[What the task requires]
Your reply should be the whole listing, copied exactly, with the pictures left out.

[Data excerpt]

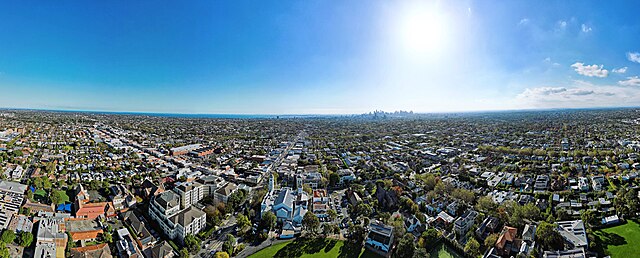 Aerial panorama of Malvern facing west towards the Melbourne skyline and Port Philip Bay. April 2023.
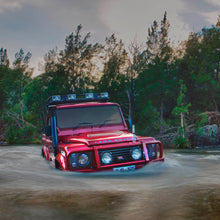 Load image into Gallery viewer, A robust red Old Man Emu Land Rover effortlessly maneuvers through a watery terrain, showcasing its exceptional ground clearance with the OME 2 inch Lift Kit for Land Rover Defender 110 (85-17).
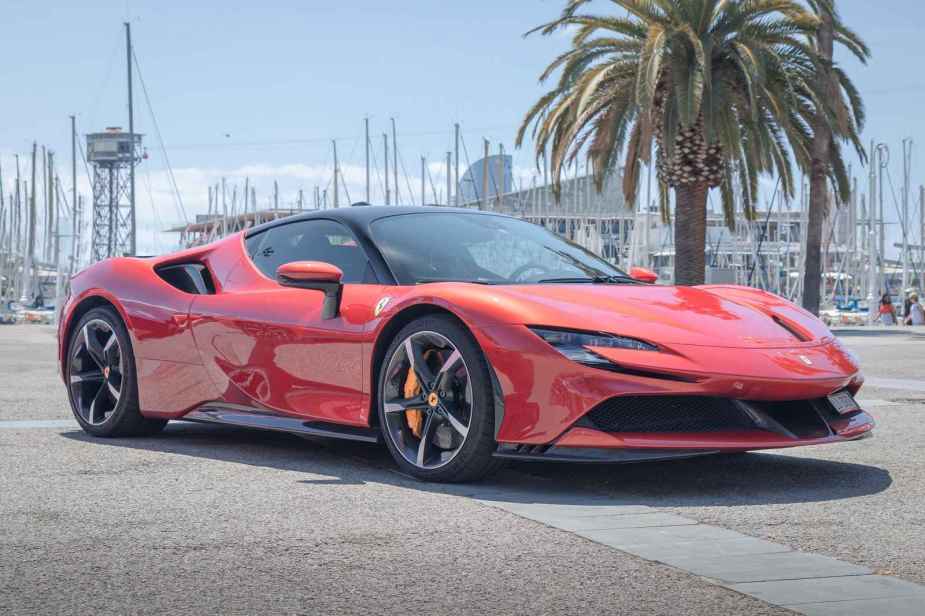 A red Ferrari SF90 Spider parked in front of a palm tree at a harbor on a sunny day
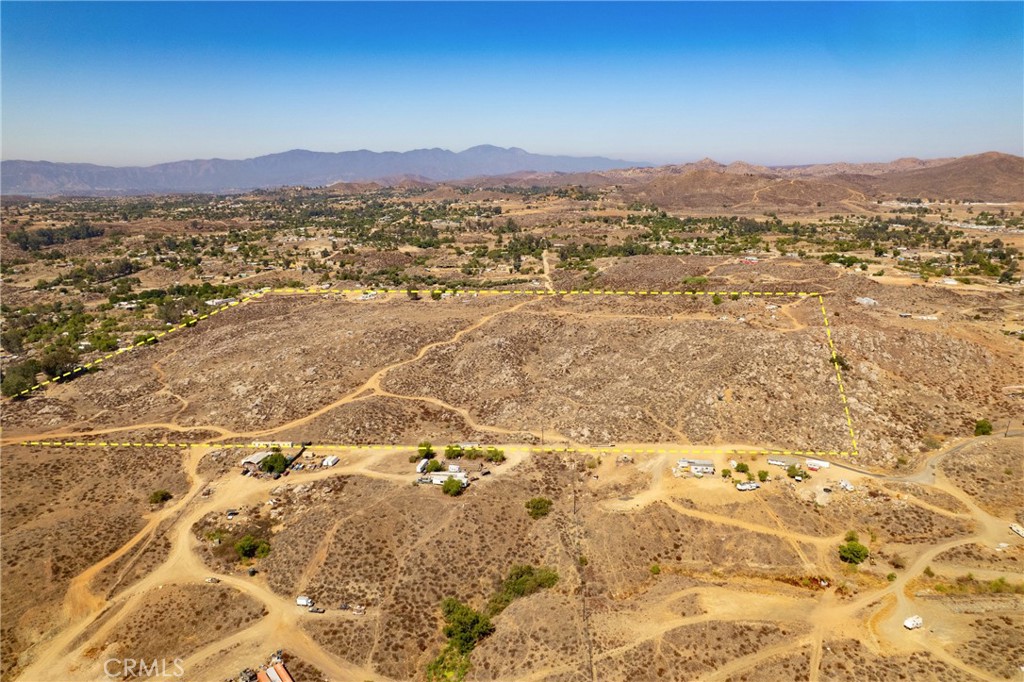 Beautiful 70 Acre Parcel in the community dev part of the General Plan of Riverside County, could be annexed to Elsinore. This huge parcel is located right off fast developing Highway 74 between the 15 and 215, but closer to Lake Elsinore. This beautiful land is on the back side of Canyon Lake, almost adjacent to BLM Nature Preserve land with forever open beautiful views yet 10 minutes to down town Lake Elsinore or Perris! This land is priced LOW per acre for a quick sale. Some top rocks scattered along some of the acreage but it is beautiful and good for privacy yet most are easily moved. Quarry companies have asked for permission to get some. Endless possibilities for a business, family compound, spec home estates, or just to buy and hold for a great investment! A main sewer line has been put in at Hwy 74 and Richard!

[Completed task]
 Aerial panorama of Malvern facing west towards the Melbourne skyline and Port Philip Bay. April 2023.
 Load image into Gallery viewer, A robust red Old Man Emu Land Rover effortlessly maneuvers through a watery terrain, showcasing its exceptional ground clearance with the OME 2 inch Lift Kit for Land Rover Defender 110 (85-17).
 A red Ferrari SF90 Spider parked in front of a palm tree at a harbor on a sunny day
 Beautiful 70 Acre Parcel in the community dev part of the General Plan of Riverside County, could be annexed to Elsinore. This huge parcel is located right off fast developing Highway 74 between the 15 and 215, but closer to Lake Elsinore. This beautiful land is on the back side of Canyon Lake, almost adjacent to BLM Nature Preserve land with forever open beautiful views yet 10 minutes to down town Lake Elsinore or Perris! This land is priced LOW per acre for a quick sale. Some top rocks scattered along some of the acreage but it is beautiful and good for privacy yet most are easily moved. Quarry companies have asked for permission to get some. Endless possibilities for a business, family compound, spec home estates, or just to buy and hold for a great investment! A main sewer line has been put in at Hwy 74 and Richard!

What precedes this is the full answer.